Scraped caption text data

=== Begin Enclosure ===

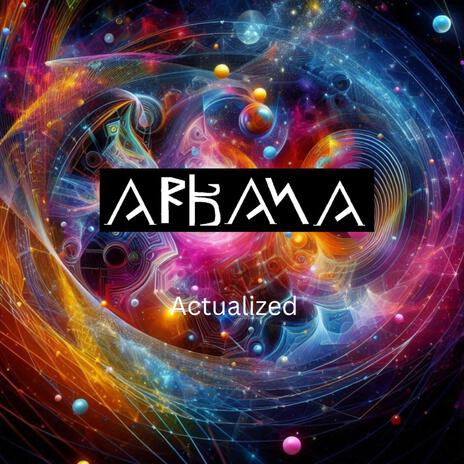 Actualized | Boomplay Music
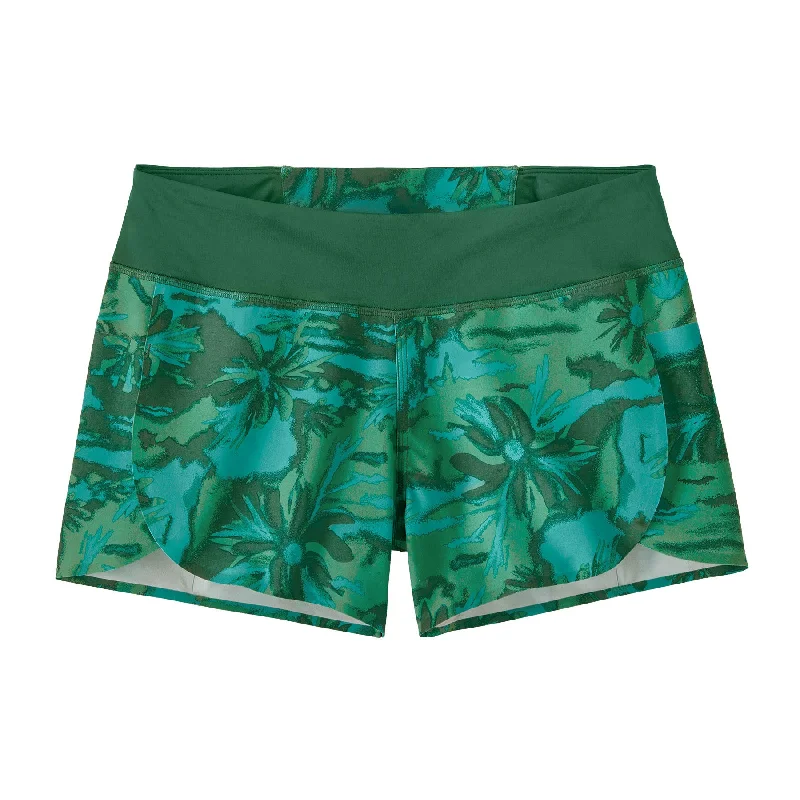Your Wallet Will Thank You!Women's Stretch Hydropeak Surf Shorts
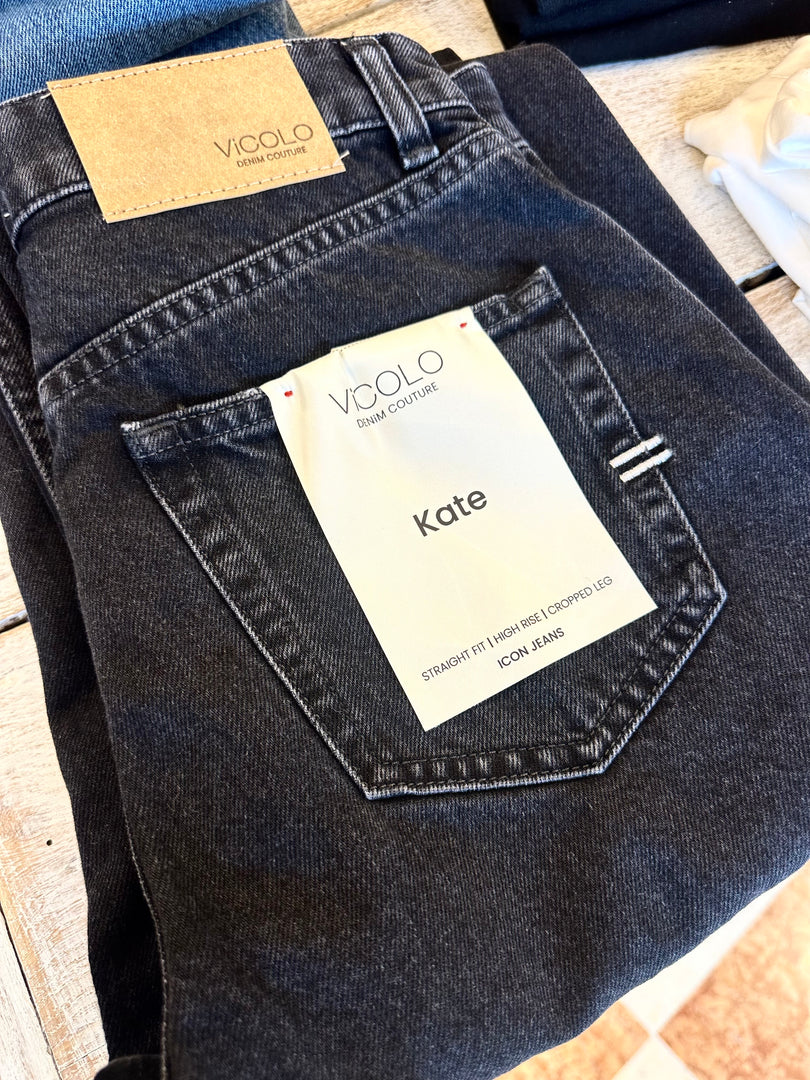 NEW jeans vicolo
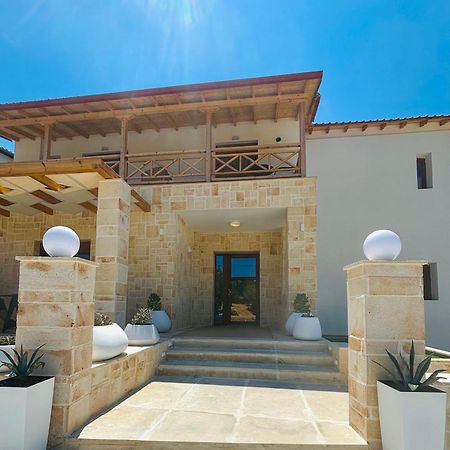 דירות ניקיטי Eterna Mare מראה חיצוני תמונה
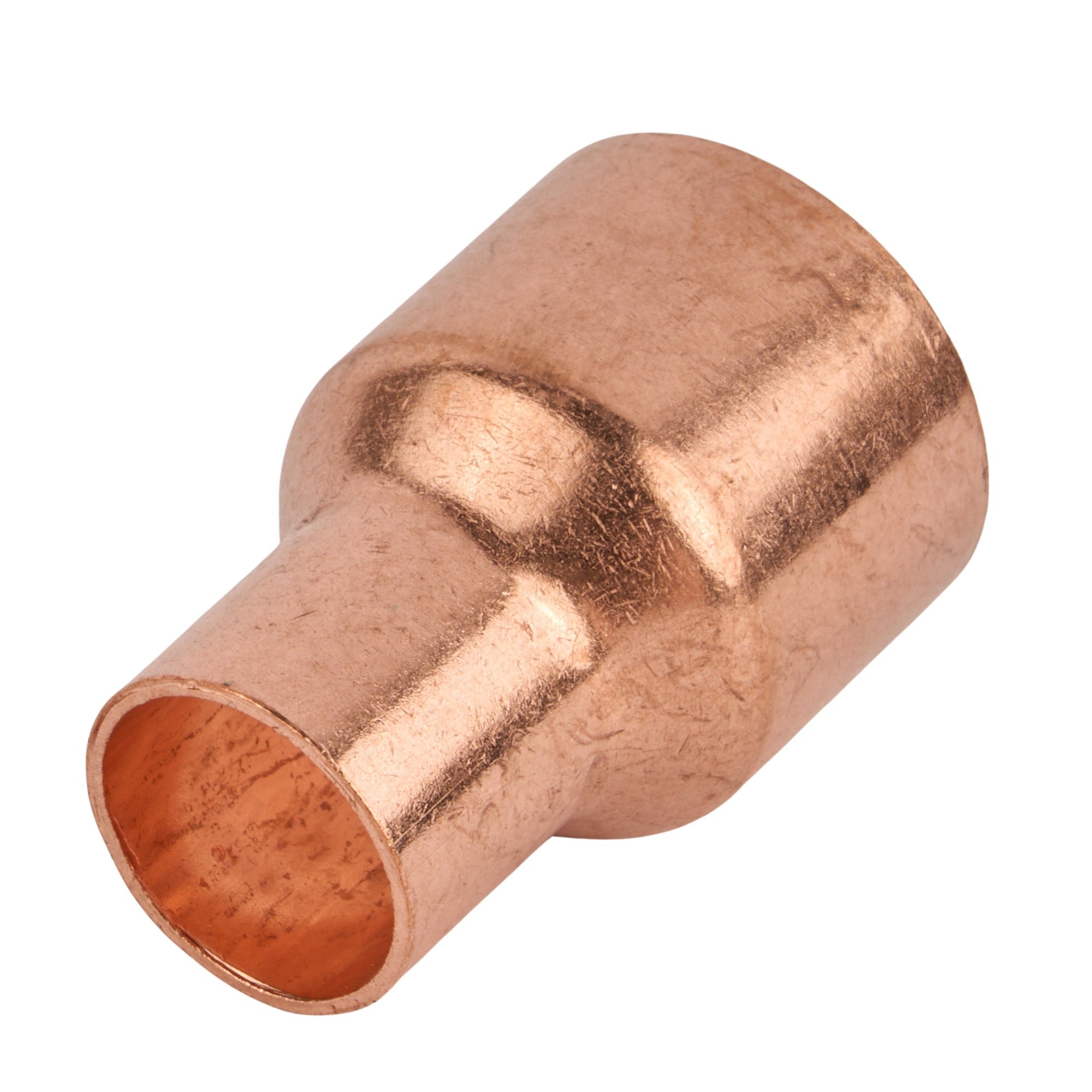Copper Reducer Coupling (C x C) 1-1/4" x 3/4"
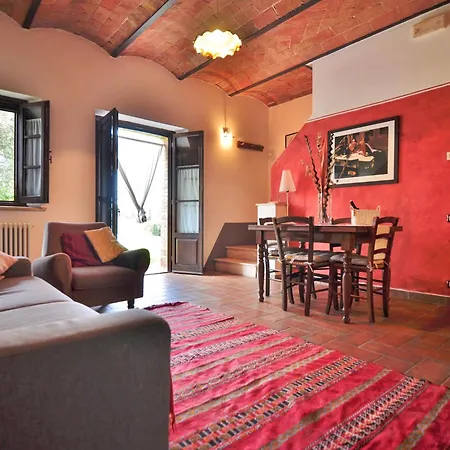 Linearis B By Interhome Apartmán *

=== End Enclosure ===

Work instruction: Make an exact copy of the data above, pictures excluded.

Final answer:
 Actualized | Boomplay Music
Your Wallet Will Thank You!Women's Stretch Hydropeak Surf Shorts
 NEW jeans vicolo
 דירות ניקיטי Eterna Mare מראה חיצוני תמונה
Copper Reducer Coupling (C x C) 1-1/4" x 3/4"
 Linearis B By Interhome Apartmán *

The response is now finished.